**Requirement**:
Quote word for word the lines below, beginning with the first and ending with the one that has "SCARIFICATEUR MAC ALLISTER". Drop the pictures.
--- Source information Enclosed Below ---
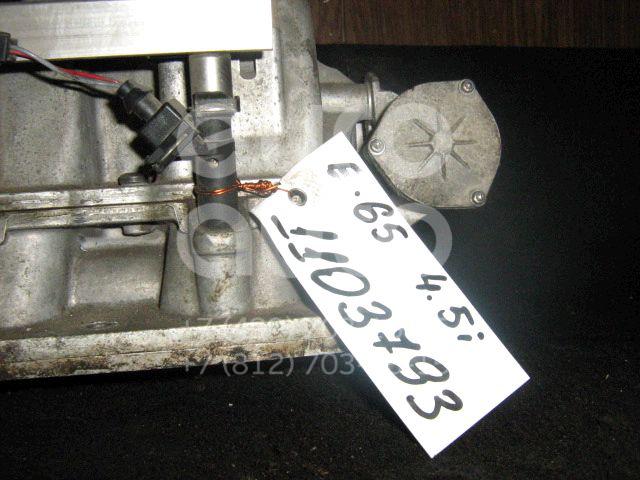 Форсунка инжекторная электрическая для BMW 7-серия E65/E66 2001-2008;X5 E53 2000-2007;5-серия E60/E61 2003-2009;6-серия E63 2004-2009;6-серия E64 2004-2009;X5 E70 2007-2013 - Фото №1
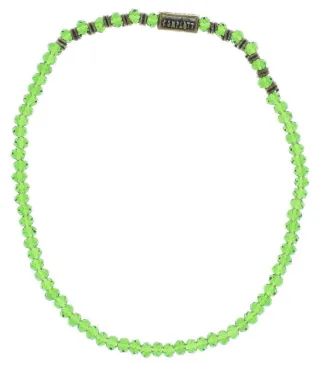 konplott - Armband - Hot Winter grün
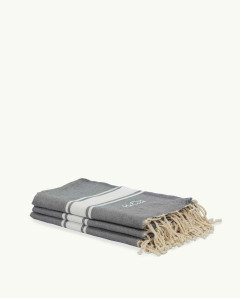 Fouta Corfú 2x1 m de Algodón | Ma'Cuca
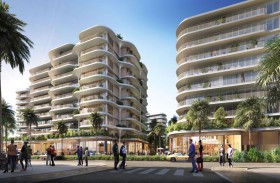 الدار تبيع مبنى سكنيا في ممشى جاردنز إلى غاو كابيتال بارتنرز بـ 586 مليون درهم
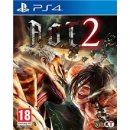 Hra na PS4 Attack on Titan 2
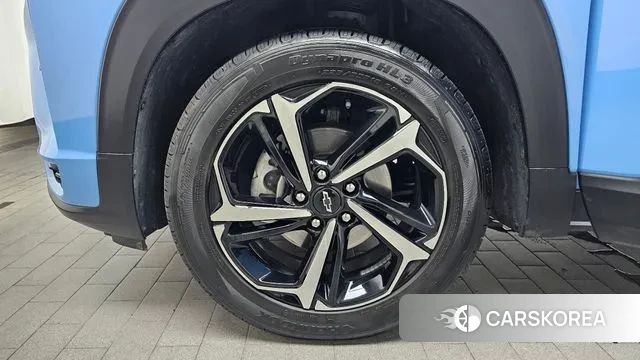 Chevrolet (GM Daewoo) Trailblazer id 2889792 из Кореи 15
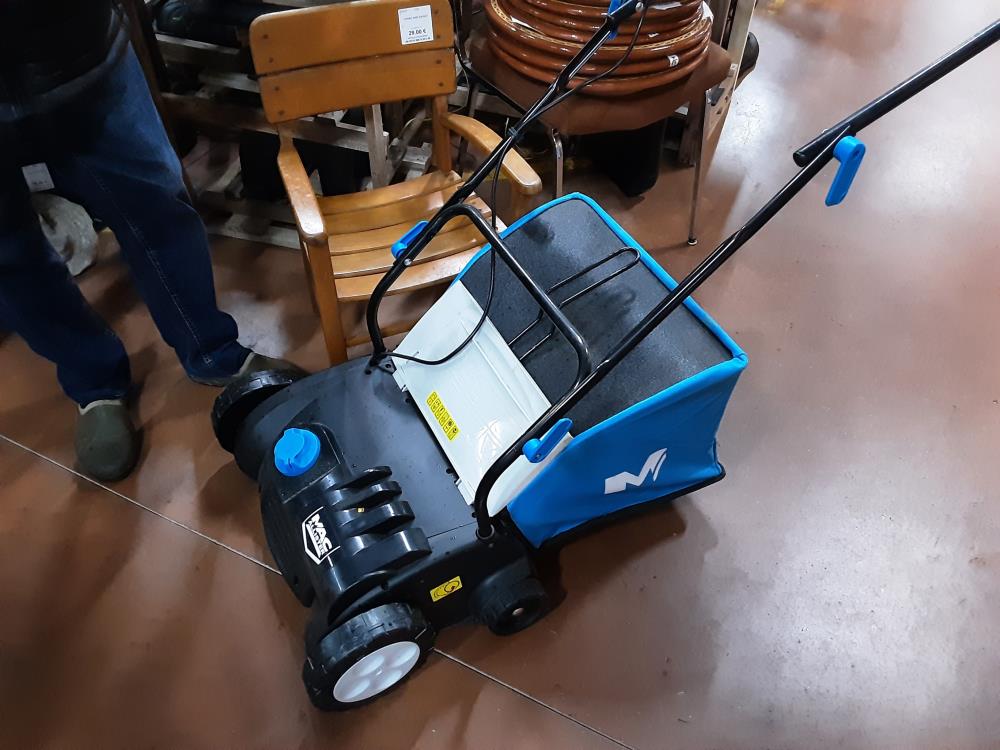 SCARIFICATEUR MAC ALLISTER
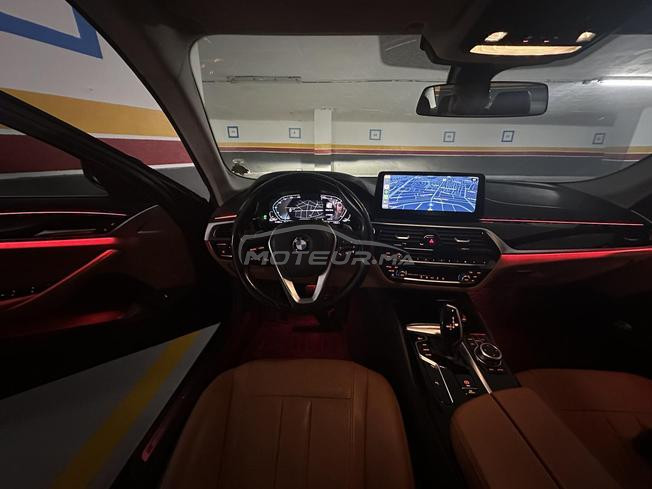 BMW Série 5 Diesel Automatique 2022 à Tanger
--- End of Enclosed Source information ---
**Response to the exercise**:
 Форсунка инжекторная электрическая для BMW 7-серия E65/E66 2001-2008;X5 E53 2000-2007;5-серия E60/E61 2003-2009;6-серия E63 2004-2009;6-серия E64 2004-2009;X5 E70 2007-2013 - Фото №1
 konplott - Armband - Hot Winter grün
 Fouta Corfú 2x1 m de Algodón | Ma'Cuca
 الدار تبيع مبنى سكنيا في ممشى جاردنز إلى غاو كابيتال بارتنرز بـ 586 مليون درهم
 Hra na PS4 Attack on Titan 2
 Chevrolet (GM Daewoo) Trailblazer id 2889792 из Кореи 15
 SCARIFICATEUR MAC ALLISTER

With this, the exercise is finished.